In separate statements, the leadership of the associations expressed gratitudes to President Tinubu: “It’s a well-considered appointment that will further consolidate, deepen, and strengthen the solid minerals sector.”
The Chairman of ASSMN, Abubakar Rabiu, also congratulated Fatima Umaru-Shinkafi on President Tinubu’s renewal of her appointment and urged her to justify the confidence Nigerians reposed in her to drive the non-oil sector of the economy in tandem with the President’s Renewed Hope Agenda of a prosperous, equitable, and just democratic nation.
The association praised Fatima Umaru-Shinkafi for her dedication and commitment to developing the solid minerals sector in Nigeria.
This sector has attracted foreign investors, empowered local miners, and provided jobs to thousands of youths, thus contributing significantly to the country’s gross domestic product.
According to the association, Fatima Umaru-Shinkafi is a paragon of excellence and will be motivated to take the solid minerals sector to the next level.
“The association is proud of Fatima Umaru-Shinkafi and will support her leadership of SMDS/PAGMI in revamping the nation’s economy and providing citizens with democratic dividends.
“We urge Nigerians to support this woman of destiny in our collective quest for a better society,” said Abubakar Rabiu.
Similarly, the Nigerian Chambers of Mines, Geological Workers, also throw its weight behind Fatima’s reappointment.
With a deep understanding of the solid minerals sector’s challenges and prospects, she will effectively tackle illegal mining, poor regulatory compliance and formulate policies that promote best practices in the industry.

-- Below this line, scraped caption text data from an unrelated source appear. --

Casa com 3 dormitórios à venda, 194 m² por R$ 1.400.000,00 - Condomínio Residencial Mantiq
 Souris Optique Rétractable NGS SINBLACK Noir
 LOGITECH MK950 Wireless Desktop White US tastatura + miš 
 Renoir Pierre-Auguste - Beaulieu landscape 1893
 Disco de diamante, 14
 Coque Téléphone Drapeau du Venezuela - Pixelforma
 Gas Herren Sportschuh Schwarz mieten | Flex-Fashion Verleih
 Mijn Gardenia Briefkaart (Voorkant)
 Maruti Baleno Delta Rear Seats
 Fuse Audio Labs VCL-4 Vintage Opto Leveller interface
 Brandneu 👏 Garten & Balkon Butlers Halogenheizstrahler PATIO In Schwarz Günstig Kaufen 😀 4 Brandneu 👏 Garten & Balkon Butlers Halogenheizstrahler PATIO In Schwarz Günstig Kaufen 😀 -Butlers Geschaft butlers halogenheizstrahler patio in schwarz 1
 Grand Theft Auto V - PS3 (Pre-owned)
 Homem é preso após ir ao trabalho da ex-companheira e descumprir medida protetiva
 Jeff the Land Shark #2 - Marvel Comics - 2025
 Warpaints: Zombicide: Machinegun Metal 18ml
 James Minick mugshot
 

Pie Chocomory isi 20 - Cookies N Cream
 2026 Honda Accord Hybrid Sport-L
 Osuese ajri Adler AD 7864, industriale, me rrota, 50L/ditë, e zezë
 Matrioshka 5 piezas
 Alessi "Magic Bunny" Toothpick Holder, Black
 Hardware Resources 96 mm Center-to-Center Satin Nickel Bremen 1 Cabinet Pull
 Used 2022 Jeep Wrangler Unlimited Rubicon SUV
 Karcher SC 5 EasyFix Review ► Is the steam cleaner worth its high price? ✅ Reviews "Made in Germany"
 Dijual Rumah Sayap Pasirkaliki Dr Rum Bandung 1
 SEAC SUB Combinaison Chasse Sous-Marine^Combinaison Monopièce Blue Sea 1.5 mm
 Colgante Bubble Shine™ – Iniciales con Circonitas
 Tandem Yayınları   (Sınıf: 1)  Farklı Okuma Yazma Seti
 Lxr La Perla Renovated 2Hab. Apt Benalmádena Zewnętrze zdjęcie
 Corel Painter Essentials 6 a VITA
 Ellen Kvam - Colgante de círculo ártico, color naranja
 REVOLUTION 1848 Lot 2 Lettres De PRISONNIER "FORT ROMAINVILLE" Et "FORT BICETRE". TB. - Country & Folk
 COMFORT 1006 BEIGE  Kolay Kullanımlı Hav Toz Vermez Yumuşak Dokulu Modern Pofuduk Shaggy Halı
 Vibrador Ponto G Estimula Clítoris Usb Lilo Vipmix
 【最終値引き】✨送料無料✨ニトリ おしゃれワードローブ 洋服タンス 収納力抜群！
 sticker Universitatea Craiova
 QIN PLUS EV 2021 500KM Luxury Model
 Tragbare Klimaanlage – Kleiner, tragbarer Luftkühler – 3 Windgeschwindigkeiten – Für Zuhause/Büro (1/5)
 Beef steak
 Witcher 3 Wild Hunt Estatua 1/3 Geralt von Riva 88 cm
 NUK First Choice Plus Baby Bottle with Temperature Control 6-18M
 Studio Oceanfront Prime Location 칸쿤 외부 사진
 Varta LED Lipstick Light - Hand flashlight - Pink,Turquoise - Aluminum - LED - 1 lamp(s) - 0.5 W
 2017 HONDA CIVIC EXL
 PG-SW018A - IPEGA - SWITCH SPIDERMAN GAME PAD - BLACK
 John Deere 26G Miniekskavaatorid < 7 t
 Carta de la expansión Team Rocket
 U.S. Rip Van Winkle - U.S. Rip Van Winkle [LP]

The Association’s Chairman, Silas Kefas, described her reappointment as a well thought out decision and underscored the government’s confidence in her impactful leadership aimed at harnessing the solid minerals sector’s full potential and economic diversification essential for sustainable development and prosperity.
“A visionary leader and master strategist in the solid minerals industry, Fatima Umaru-Shinkafi’s laudable reform has revolutionalized the sector, attracted local and foreign investors and repositioned Nigeria as a competitive player in the global minerals market.
“With a renewed mandate, the solid minerals industry will witness significant advancement in the promotion of artisanal gold mining and value chain development, capacity building, job creation, infrastructural development, enhanced export capacity, financial prudence and significant contribution to the country’s gross domestic product that will revive the economy and foster prosperity to citizens.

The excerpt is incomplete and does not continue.